Motivation is based on emotion—specifically, on
the search for satisfaction (positive emotional experiences), and the
avoidance of conflict. Positive and negative is defined by the
individual brain state, which may be influenced by social norms: a
person may be driven to self-injury or violence because their brain is
conditioned to create a positive response to these actions. Motivation
is important because it is involved in the performance of all learned
responses. Within psychology, conflict avoidance and the libido are
seen to be primary motivators. Within economics, motivation is often
seen to be based on incentives; these may be financial, moral, or
coercive. Religions generally posit divine or demonic influences.
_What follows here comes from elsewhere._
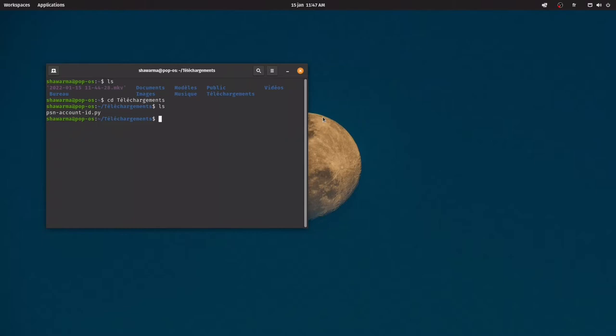ls, and then it's gonna show you the Python script. So you're gonna write Python 3, and then the name of the script, which is psn-account-id.py, and then it's gonna open the script for you.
Happiness, or the state of being happy, is a human emotional
condition. The definition of happiness is a common philosophical
topic. Some people might define it as the best condition that a human
can have—a condition of mental and physical health. Others define it
as freedom from want and distress; consciousness of the good order of
things; assurance of one's place in the universe or society.
Emotion has a significant influence on, or can even be said to
control, human behavior, though historically many cultures and
philosophers have for various reasons discouraged allowing this
influence to go unchecked. Emotional experiences perceived as
pleasant, such as love, admiration, or joy, contrast with those
perceived as unpleasant, like hate, envy, or sorrow. There is often a
distinction made between refined emotions that are socially learned
and survival oriented emotions, which are thought to be innate. Human
exploration of emotions as separate from other neurological phenomena
is worthy of note, particularly in cultures where emotion is
considered separate from physiological state. In some cultural medical
theories emotion is considered so synonymous with certain forms of
physical health that no difference is thought to exist. The Stoics
believed excessive emotion was harmful, while some
Sufi teachers felt
certain extreme emotions could yield a conceptual perfection, what is
often translated as ecstasy.
In modern scientific thought, certain refined emotions are considered
a complex neural trait innate in a variety of domesticated and
non-domesticated mammals. These were commonly developed in reaction to
superior survival mechanisms and intelligent interaction with each
other and the environment; as such, refined emotion is not in all
cases as discrete and separate from natural neural function as was
once assumed. However, when humans function in civilized tandem, it
has been noted that uninhibited acting on extreme emotion can lead to
social disorder and crime.
Sexuality and love
Human parents continue caring for their offspring long after they are
For humans, sexuality has important social functions: it creates
physical intimacy, bonds and hierarchies among individuals, besides
ensuring biological reproduction. Sexual desire or libido, is
experienced as a bodily urge, often accompanied by strong emotions
such as love, ecstasy and jealousy. The significance of sexuality in
the human species is reflected in a number of physical features among
them hidden ovulation, the evolution of external scrotum and (among
great apes) a relatively large penis suggesting sperm competition in
humans, the absence of an os penis, permanent secondary sexual
characteristics and the forming of pair bonds based on sexual
attraction as a common social structure. Contrary to other primates
that often advertise estrus through visible signs, human females do
not have a distinct or visible signs of ovulation, plus they
experience sexual desire outside of their fertile periods. These
adaptations indicate that the meaning of sexuality in humans is
similar to that found in the bonobo, and that the complex human sexual
behavior has a long evolutionary history.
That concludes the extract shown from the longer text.